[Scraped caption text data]
....................
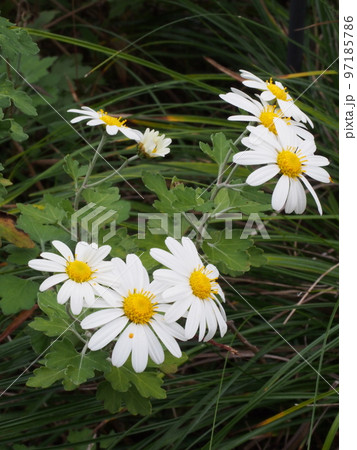ノジギク（野路菊）の花。学名 Chrysanthemum japonense 97185786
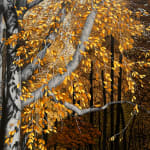 Painting of a tree with fall foliage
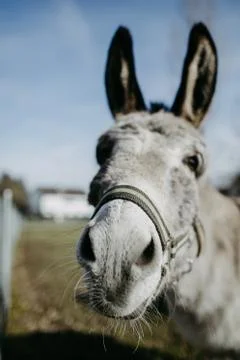 Cute donkey looking into camera Foto stock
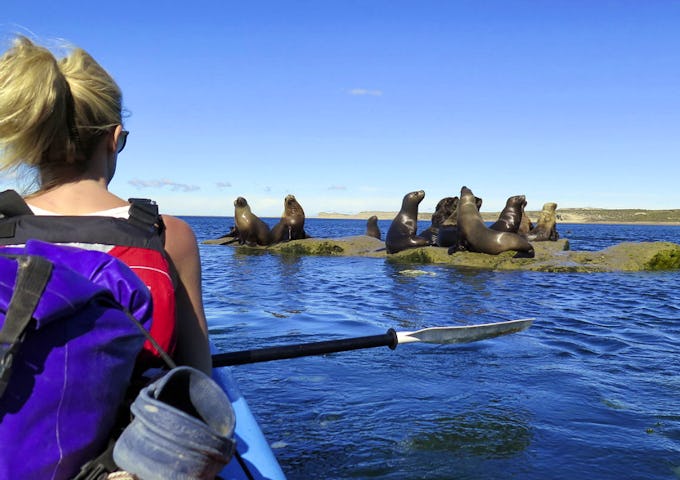 Kayaking with sea lions, Peninsula Valdés, Patagonia, Argentina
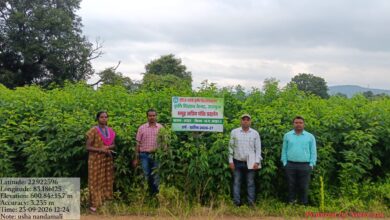 Under the 'Seva Sankalp Abhiyan' in Surguja, a flourishing crop of improved *Arhar* (pigeon pea) is growing across 55 hectares and has reached the flowering stage.
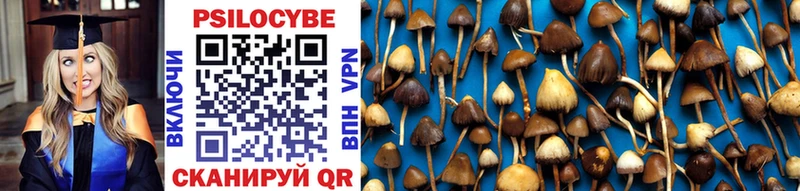 Галлюциногенные грибы Psilocybine cubensis  дарк нет как зайти  Котовск  blacksprut маркетплейс 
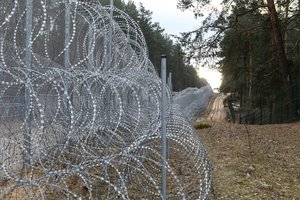 Pastarąją parą į šalį neįleisti septyni migrantai
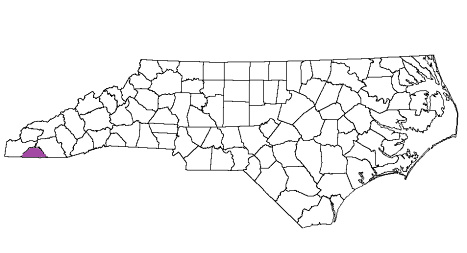 north carolina fire, north carolina firefighters, nc firefighters, nc fire, north carolina fire department, clay county, clay county ems, clay county fire apparatus, clay county fire departments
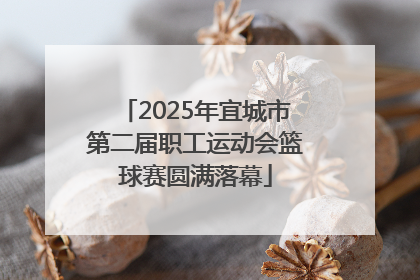 2025年宜城市第二届职工运动会篮球赛圆满落幕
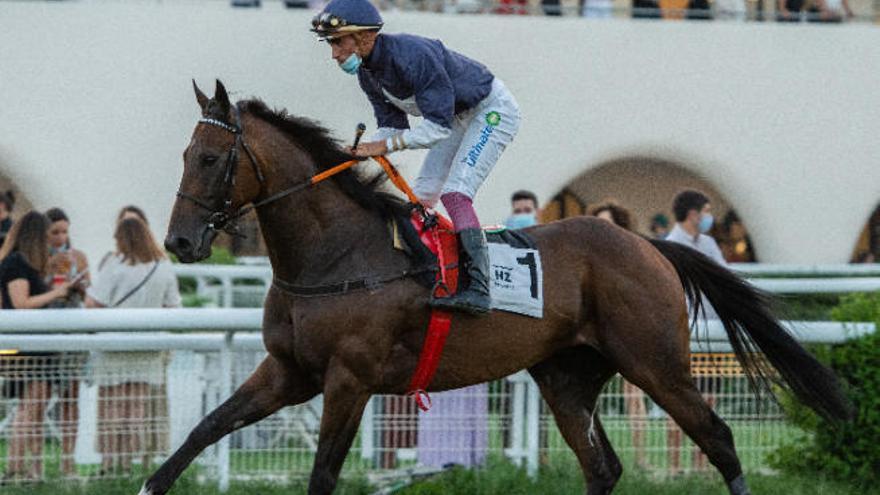 El jinete Ricardo Sousa, con Great Prospector, el pasado jueves, en el Hipódromo de La Zarzuela de Madrid.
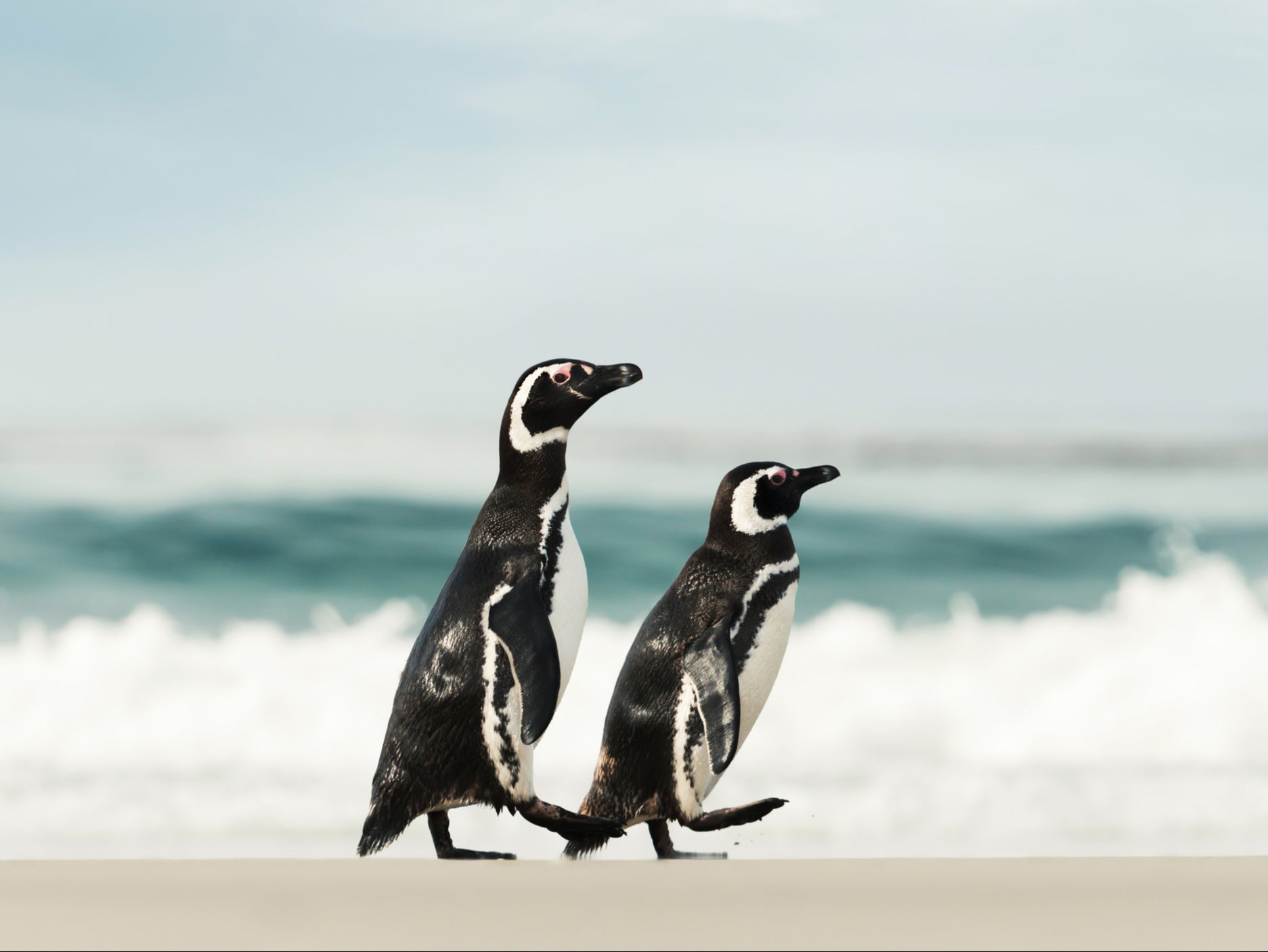 Magellanic penguins, which live around the South American coastline, are vulnerable to the impacts of the climate crisis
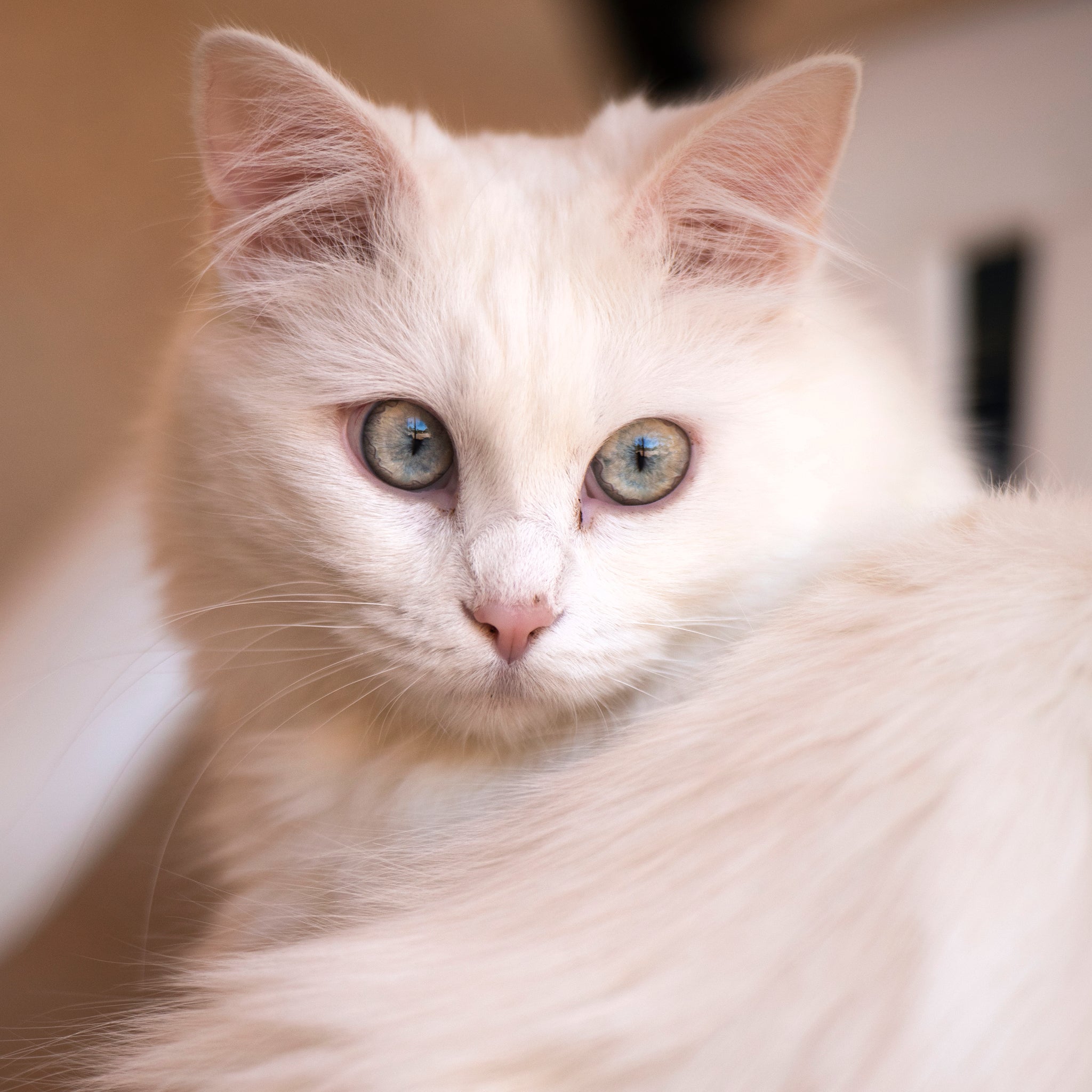 Sponsorships Page 2 Best Friends Animal Society's Catalog of Kindness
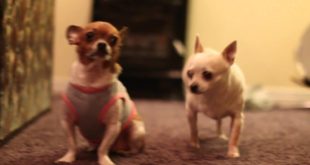 SMALL DOGS SUCK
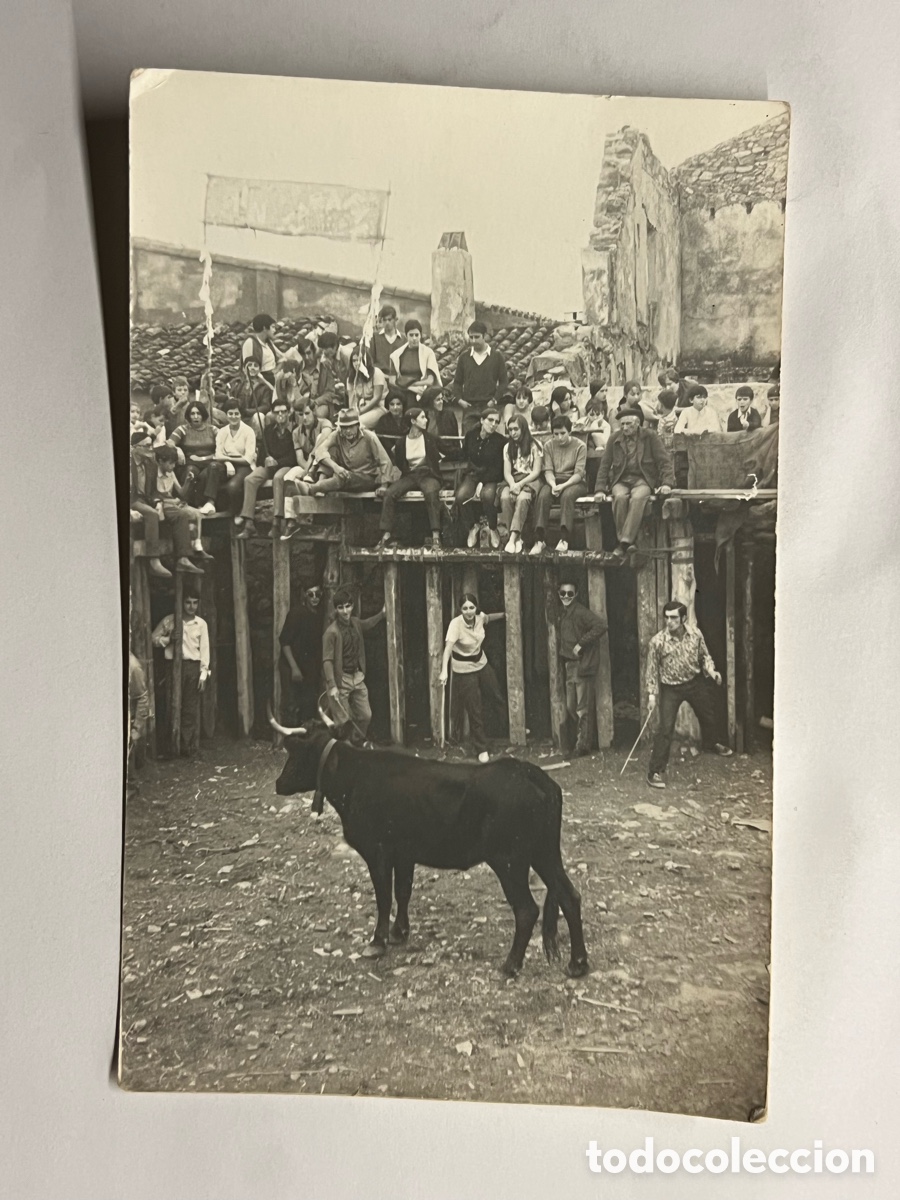 Fotograf&iacute;a antigua: TOROS. ALGIMIA DE ALFARA (Valencia) Fotograf&iacute;a Bous a la improvisada Pla&ccedil;a. Septiembre de 1971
....................
- ABOUT THIS TASK -
The lines from the one that contains "Painting of a tree with fall foliage" through the end of the data, repeated exactly and with no pictures, make up the whole answer.

- EXERCISE RESPONSE -
 Painting of a tree with fall foliage
 Cute donkey looking into camera Foto stock
 Kayaking with sea lions, Peninsula Valdés, Patagonia, Argentina
 Under the 'Seva Sankalp Abhiyan' in Surguja, a flourishing crop of improved *Arhar* (pigeon pea) is growing across 55 hectares and has reached the flowering stage.
 Галлюциногенные грибы Psilocybine cubensis  дарк нет как зайти  Котовск  blacksprut маркетплейс 
 Pastarąją parą į šalį neįleisti septyni migrantai
 north carolina fire, north carolina firefighters, nc firefighters, nc fire, north carolina fire department, clay county, clay county ems, clay county fire apparatus, clay county fire departments
 2025年宜城市第二届职工运动会篮球赛圆满落幕
 El jinete Ricardo Sousa, con Great Prospector, el pasado jueves, en el Hipódromo de La Zarzuela de Madrid.
 Magellanic penguins, which live around the South American coastline, are vulnerable to the impacts of the climate crisis
 Sponsorships Page 2 Best Friends Animal Society's Catalog of Kindness
 SMALL DOGS SUCK
 Fotograf&iacute;a antigua: TOROS. ALGIMIA DE ALFARA (Valencia) Fotograf&iacute;a Bous a la improvisada Pla&ccedil;a. Septiembre de 1971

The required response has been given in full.